What is being asked: Set down every record below exactly as it stands, with the pictures omitted.

*** Opening of Supplied data ***

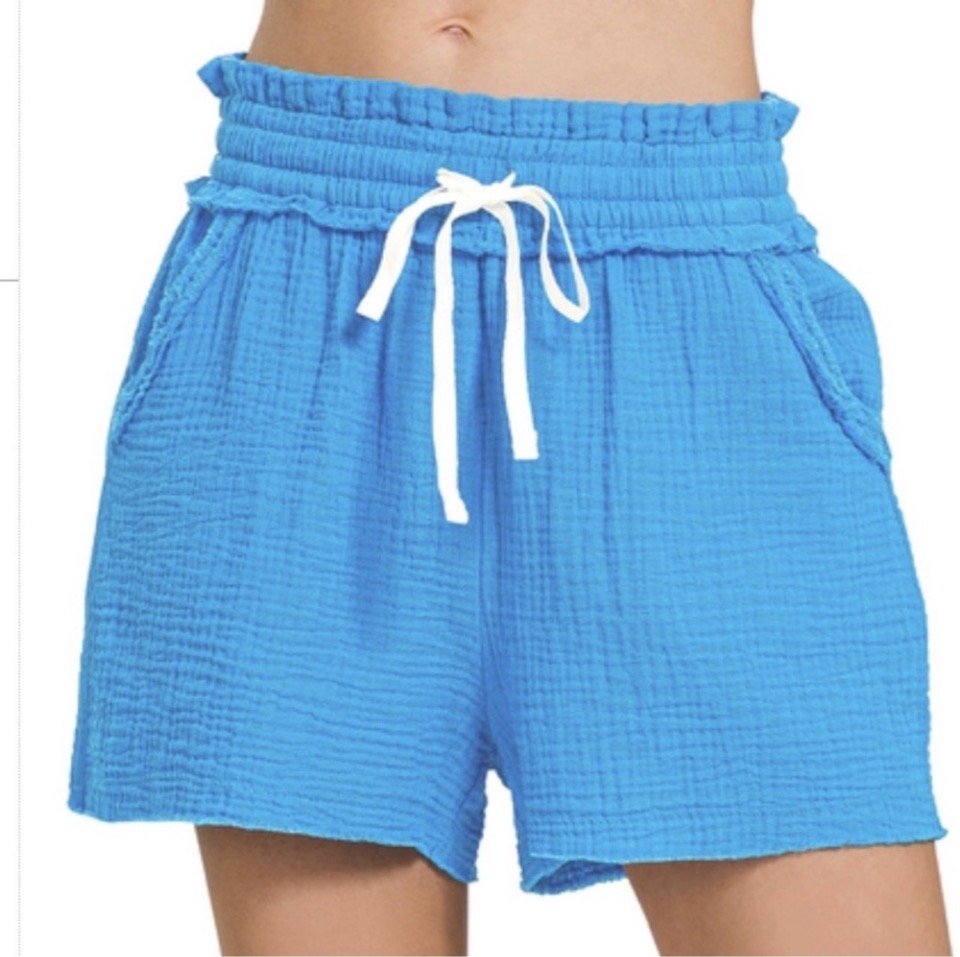 Double Gauze Elasticband Drawstring Waist Shorts - Rooted & Reckless Co.
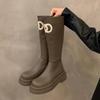 Botas Largas de Caña Alta con Suela Gruesa Inspiradas en Chanel de Estilo Nuevo de Principios de Otoño 2025 para Mujeres Petite, Botas de Montar Hasta la Rodilla que Aumentan la Altura y Estilizan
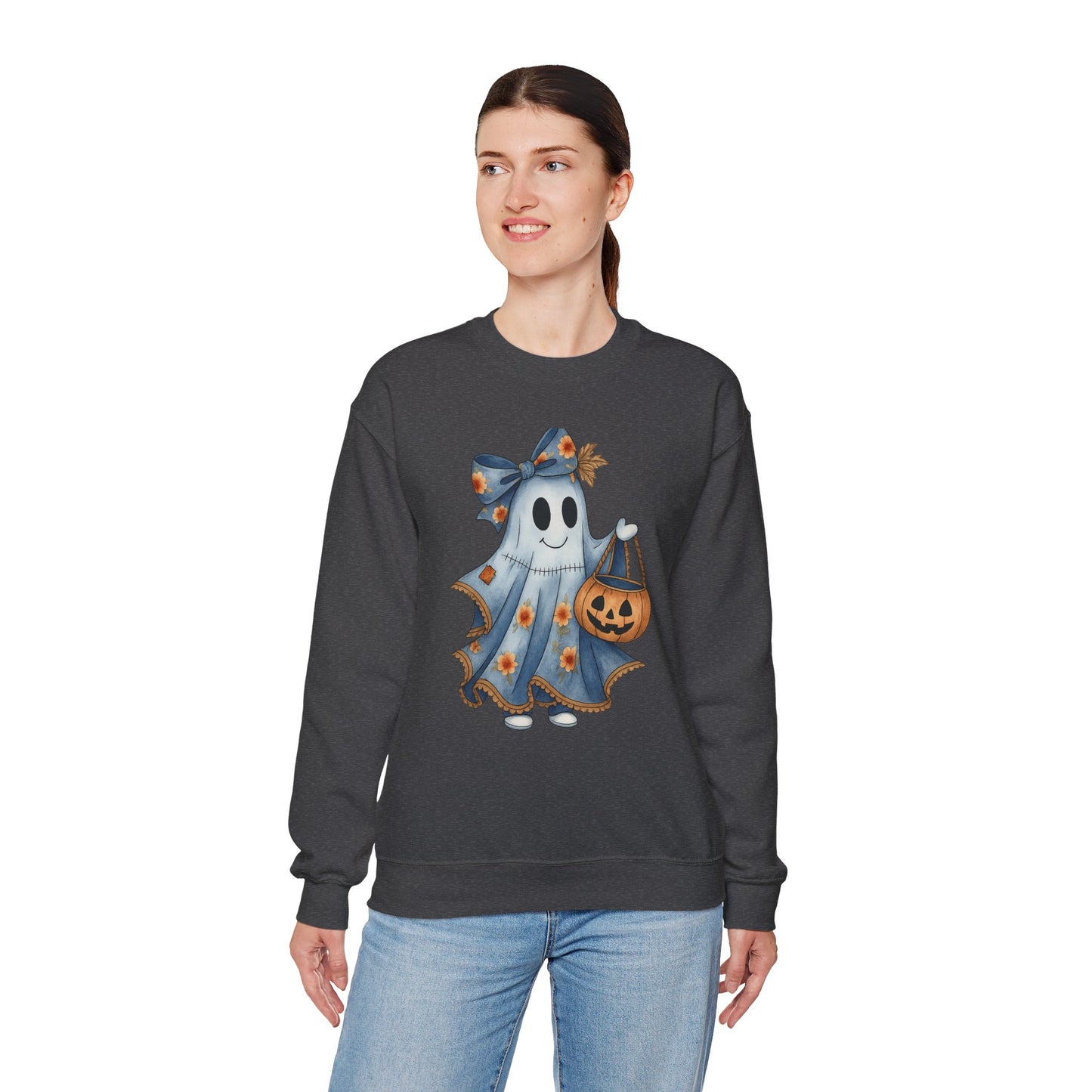 Cute Ghost Halloween Sweatshirt, Unisex Crewneck, Cozy Fall Apparel, Spooky Season Gift, Trick or Treat, Halloween Celebration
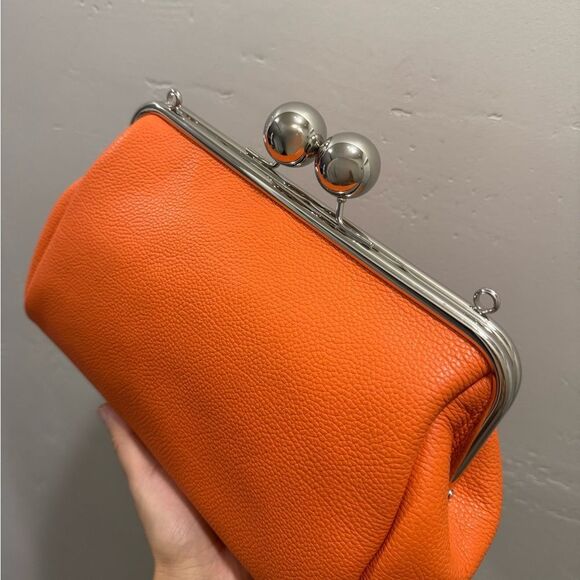 Orange Pebble Leather Handmade Large Balls Kiss Lock Handbag/ Multi Use Style - Picture 13 of 16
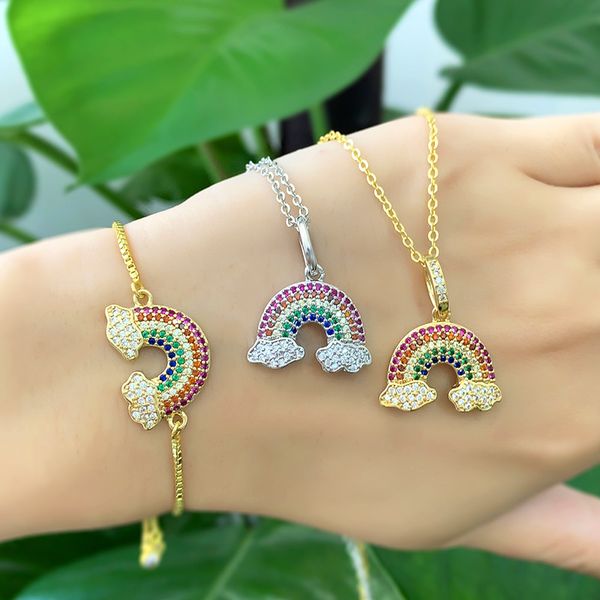 1pcs colorful rainbow pendant necklaces for women girl gold color fashion cz cubic zirconia choker necklaces jewelry party, Silver
1pcs colorful rainbow pendant necklaces for women girl gold color fashion cz cubic zirconia choker necklaces jewelry party, Silver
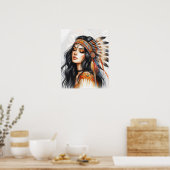 Boho Girl AI Art Bohemian Fashion ポスター (キッチン)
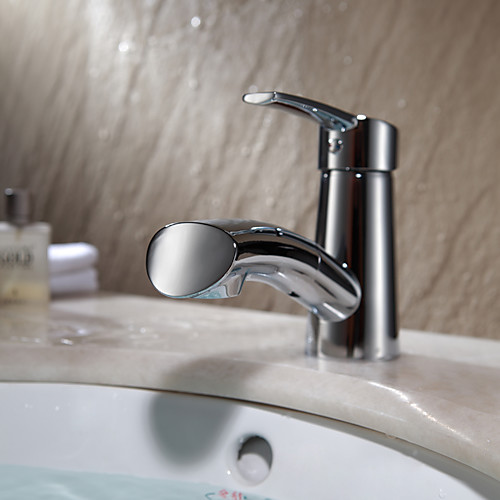 Contemporary Art Deco/Retro Centerset Pullout Spray Ceramic Valve Single Handle One Hole Chrome, Bathroom Sink Faucet
Contemporary Art Deco/Retro Centerset Pullout Spray Ceramic Valve Single Handle One Hole Chrome, Bathroom Sink Faucet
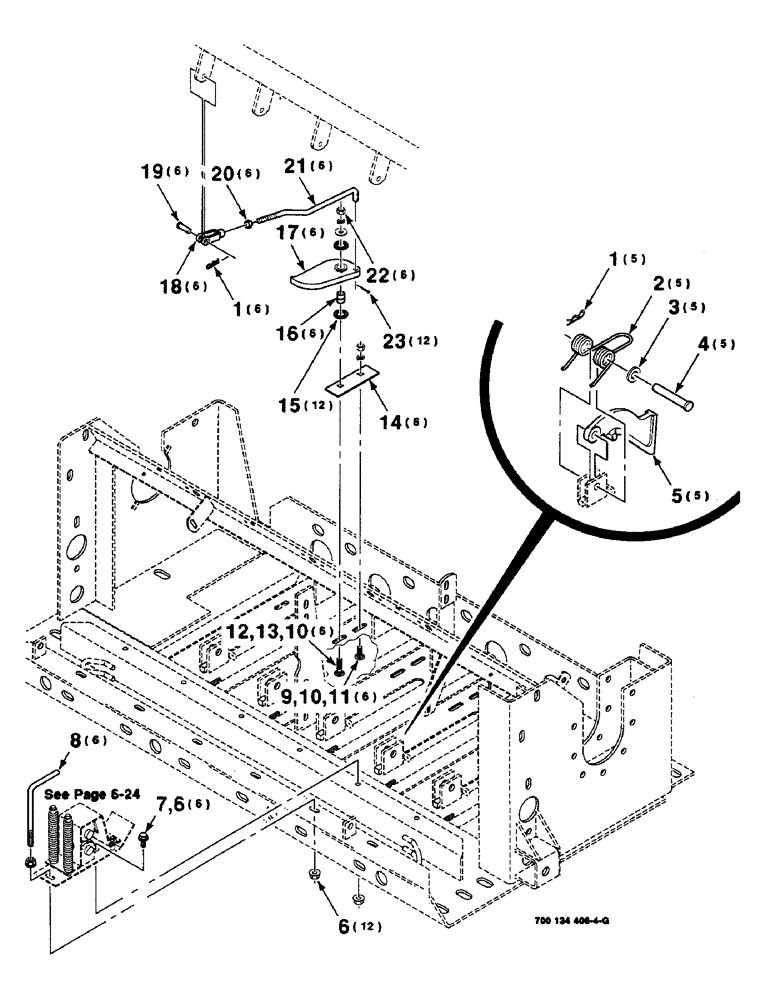 Схема запчастей Case IH 8590 - (6-18) - KNOTTER TWINE FINGER AND HAY DOG ASSEMBLY (14) - BALE CHAMBER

*** Close of Supplied data ***

Answer to this task:
 Double Gauze Elasticband Drawstring Waist Shorts - Rooted & Reckless Co.
 Botas Largas de Caña Alta con Suela Gruesa Inspiradas en Chanel de Estilo Nuevo de Principios de Otoño 2025 para Mujeres Petite, Botas de Montar Hasta la Rodilla que Aumentan la Altura y Estilizan
 Cute Ghost Halloween Sweatshirt, Unisex Crewneck, Cozy Fall Apparel, Spooky Season Gift, Trick or Treat, Halloween Celebration
 Orange Pebble Leather Handmade Large Balls Kiss Lock Handbag/ Multi Use Style - Picture 13 of 16
 1pcs colorful rainbow pendant necklaces for women girl gold color fashion cz cubic zirconia choker necklaces jewelry party, Silver
1pcs colorful rainbow pendant necklaces for women girl gold color fashion cz cubic zirconia choker necklaces jewelry party, Silver
 Boho Girl AI Art Bohemian Fashion ポスター (キッチン)
 Contemporary Art Deco/Retro Centerset Pullout Spray Ceramic Valve Single Handle One Hole Chrome, Bathroom Sink Faucet
Contemporary Art Deco/Retro Centerset Pullout Spray Ceramic Valve Single Handle One Hole Chrome, Bathroom Sink Faucet
 Схема запчастей Case IH 8590 - (6-18) - KNOTTER TWINE FINGER AND HAY DOG ASSEMBLY (14) - BALE CHAMBER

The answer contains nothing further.